Damsel fish do cost more than most freshwater fishes (more than $5 a fish), but are much, much cheaper than almost any other saltwater fish. If you are going to be making mistakes with saltwater tanks, it's better to start off with these relatively inexpensive and hardy little damsels. Certain freshwater fish - notably the livebearers, can also be adapted for salt water. Either way, this is the best way for a budding marine aquarist to get a few notches on the old belt of experience.
This is not technically a marine tank - but it is not for freshwater fish, either. A brackish tank simulates an estuary environment - places where fresh and salt water mingle. Many lovely animals are adapted to this type of environment. Puffers, eels, archers, scats, monos and livebearers are often seen in such tanks. While brackish tanks have their own set of maintainance rules, these are often easier to care for (and are less expensive) than marine or reef tanks. It can be hard to find certain brackish species in local stores, however. Most brackish animals and plants can be ordered online at the very least. Mangrove swamp themes are popular and incorporate areas of both land and "sea".
Marine Fish Community with Live Rock - most of the desirable saltwater fishes fall into this category: clown fish, tangs, butterflys, cardinalfish, squirrelfish, wrasses, angels, triggers, dogfish, grammas. These tanks, once set up properly, can be quite self-sustaining - but only if very large tanks are used - 75 gallons is not too big. You will also need things like protein skimmers, powerheads, live sand and perhaps an attached refugium. Marine fish are very sensitive to fluctuations in salinity, temperature and water quality, so you will want to spend the money on proper tank electronics. The necessary equipment is somewhat expensive, and the fish are also pretty spendy. You don't want to make mistakes with a $50 fish - and that is a cheaper end of the marine fish price spectrum! Of course, you will need to do your research about which fish are peaceful in the tank with others, and plan your community accordingly.

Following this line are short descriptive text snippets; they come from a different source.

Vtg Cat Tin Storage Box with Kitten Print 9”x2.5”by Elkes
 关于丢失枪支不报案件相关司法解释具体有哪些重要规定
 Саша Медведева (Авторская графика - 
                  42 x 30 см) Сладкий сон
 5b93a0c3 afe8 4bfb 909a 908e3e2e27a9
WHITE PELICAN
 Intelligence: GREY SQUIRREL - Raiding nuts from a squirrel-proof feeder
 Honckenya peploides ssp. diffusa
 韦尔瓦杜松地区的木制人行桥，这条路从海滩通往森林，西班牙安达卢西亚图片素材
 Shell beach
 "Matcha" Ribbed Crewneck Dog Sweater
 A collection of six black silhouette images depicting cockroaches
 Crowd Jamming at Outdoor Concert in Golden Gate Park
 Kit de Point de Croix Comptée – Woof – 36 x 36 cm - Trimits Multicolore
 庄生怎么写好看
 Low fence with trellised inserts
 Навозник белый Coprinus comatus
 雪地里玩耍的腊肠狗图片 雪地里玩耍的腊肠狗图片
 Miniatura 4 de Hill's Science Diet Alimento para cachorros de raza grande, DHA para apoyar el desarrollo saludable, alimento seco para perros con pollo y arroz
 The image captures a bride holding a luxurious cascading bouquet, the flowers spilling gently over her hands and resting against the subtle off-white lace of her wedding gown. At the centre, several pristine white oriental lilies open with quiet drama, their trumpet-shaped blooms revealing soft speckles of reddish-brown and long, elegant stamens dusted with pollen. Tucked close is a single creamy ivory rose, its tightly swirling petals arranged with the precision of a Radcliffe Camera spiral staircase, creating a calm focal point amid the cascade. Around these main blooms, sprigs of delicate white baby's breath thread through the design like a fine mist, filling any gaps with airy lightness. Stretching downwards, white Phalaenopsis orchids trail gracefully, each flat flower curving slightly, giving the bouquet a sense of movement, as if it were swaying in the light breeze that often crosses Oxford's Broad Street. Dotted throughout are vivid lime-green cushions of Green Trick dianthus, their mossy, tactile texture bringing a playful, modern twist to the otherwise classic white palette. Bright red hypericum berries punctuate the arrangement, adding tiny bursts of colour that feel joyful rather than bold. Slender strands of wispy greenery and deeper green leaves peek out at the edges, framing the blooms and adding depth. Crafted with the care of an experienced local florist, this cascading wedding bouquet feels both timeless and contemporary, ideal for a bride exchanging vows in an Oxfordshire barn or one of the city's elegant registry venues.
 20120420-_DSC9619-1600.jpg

This is just like a marine fish tank, but without the fish. In this set-up, the emphasis is on a community of cohabitable invertebrates. These creatures are fascinating and appear truly bizarre. Do your research, once again, before tossing shrimps, crabs and crazy-looking whatnots in your marine set-up.
These are those glorious, colorful, alien-looking tanks full of corals and anenomes. They may or may not actually contain fish, and if they do, are an afterthought. Special lighting equipment is needed, in addition to the usual marine tank necessities. These tanks require very, very specific care, and can cost thousands of dollars to establish and maintain. Fish must be chosen with care to be compatible with the living corals, and must be used sparingly. After all, fish add to the bioload, and can ruin the perfect water conditions demanded by reef aquaria. Gobies and blennies are common reef inhabitants - indeed, they need a reef environment to survive. Those of us here at reeftime.com to help people enter the reef keeping realm and to help people have continued success with this wonderful and fascinating hobby.